Revisiting BMW’s Textbook Example of Terrible Marketing

In the wake of EVs, most manufacturers are quick to hop on the trend, while others are pressured by regulations. There isn’t a necessity to create appeal for alternative energy, but some brands took the extra step to ensure their potential customers that they are ditching their ways and moving on to a greener future through the electrification of their lineup.

It is a good time to remind ourselves that disrespecting one’s own history, current customers, their fanbase, and possessing a carefree attitude to criticism in an attempt to appear hipper and more intelligent to a new market is a terrible approach; one that BMW took with the launch of its iX and i4 models. Amidst all of the criticism, BMW released a promotional video for CES 2021 (short for Consumer Electronics Show) titled ‘A story of generations.’

A short summary of it is that the iX kicks out the older 7 series after an argument on which deserves being showcased and takes its spot in the building. The video gained massive disapproval from most, if not all of the watchers, evident by the comments section and the dislike count (which has since been disabled by YouTube). Portraying the E66 760Li as a stereotypical boomer is one thing, but the argument between both cars are nonsensical and lopsided, with much of the favor being given to the iX. While it is more technologically advanced, there isn’t a lot to take home with it, when the 7 series is objectively better everywhere else; being a top-of-the-line car of its time. It doesn’t convince anyone that a model as grand as a V12 saloon would have the voice of a stereotypical grumpy elderly male.

Not only is it gullible and thoughtless, criticizing what is essentially a controversial, yet critically acclaimed era of BMW is all but pointless. Granted, the aforementioned era was divided thanks to Chris Bangle’s visions, but there is no clear message given from the video, other than the impression that BMW has self-loathing issues that are solved by coping with newer products. Moving forward? Not quite. To quote Felix Kjellberg, “it’s evolving, just backwards.”

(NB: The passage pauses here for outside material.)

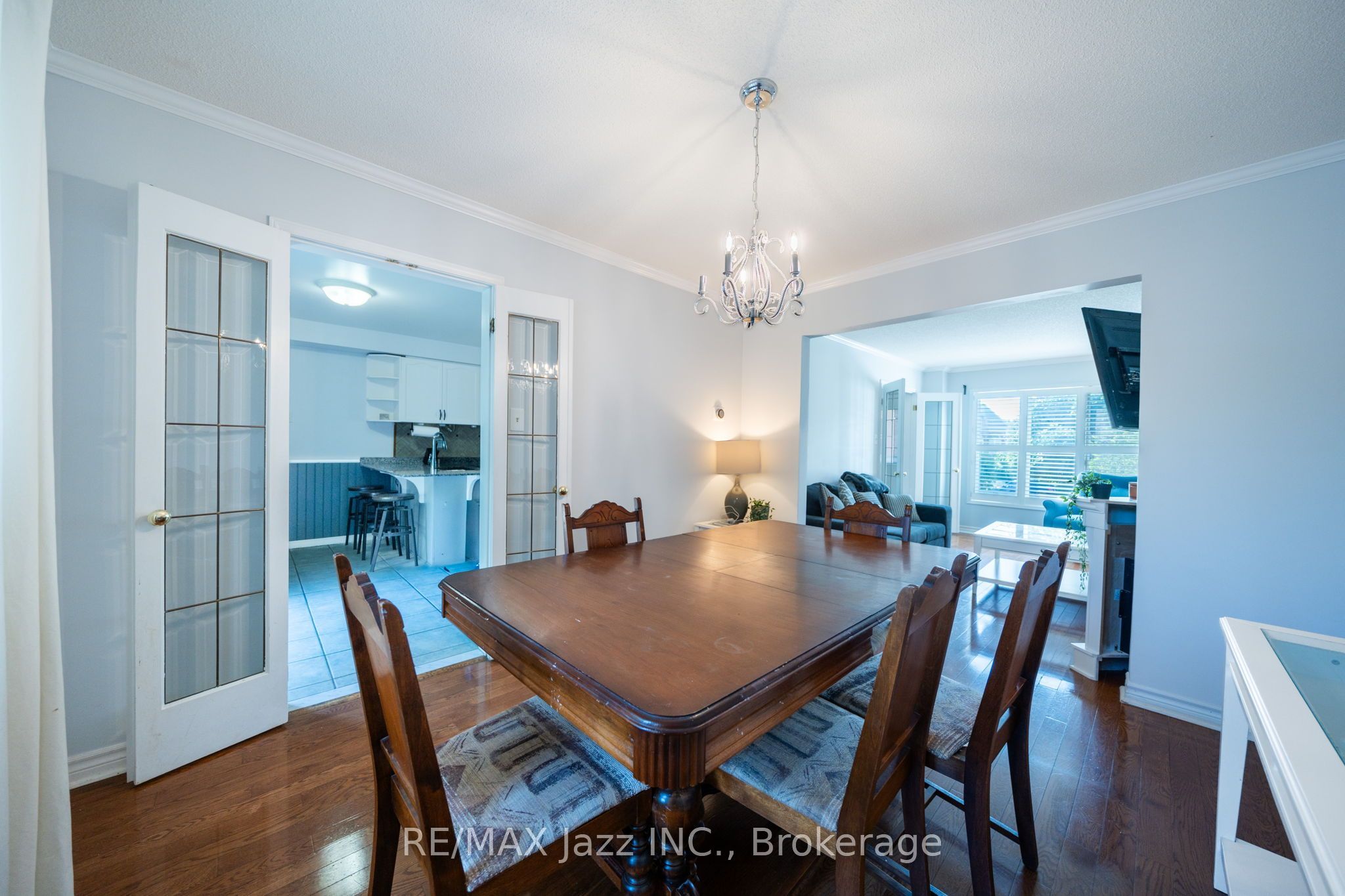 110 Freeland Avenue E Property Photo 14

A better showcase of the iX would be the older BMWs silently welcoming the next generation. Presenting the doubt that their enthusiasts would have for the infamously unattractive iX and its electric nature, but a common understanding formed by the fact that change is inevitable, and uncertainty may turn for the better, as proven by Chris Bangle years after his contribution.

If every car in the building was sentient, rest assured the iX would be nowhere near the building; by force, intimidation, or simply sound reasoning that it is outclassed by every other model before it. That being said, I’ll gladly take a Bangle-era 7 series over an iX anytime.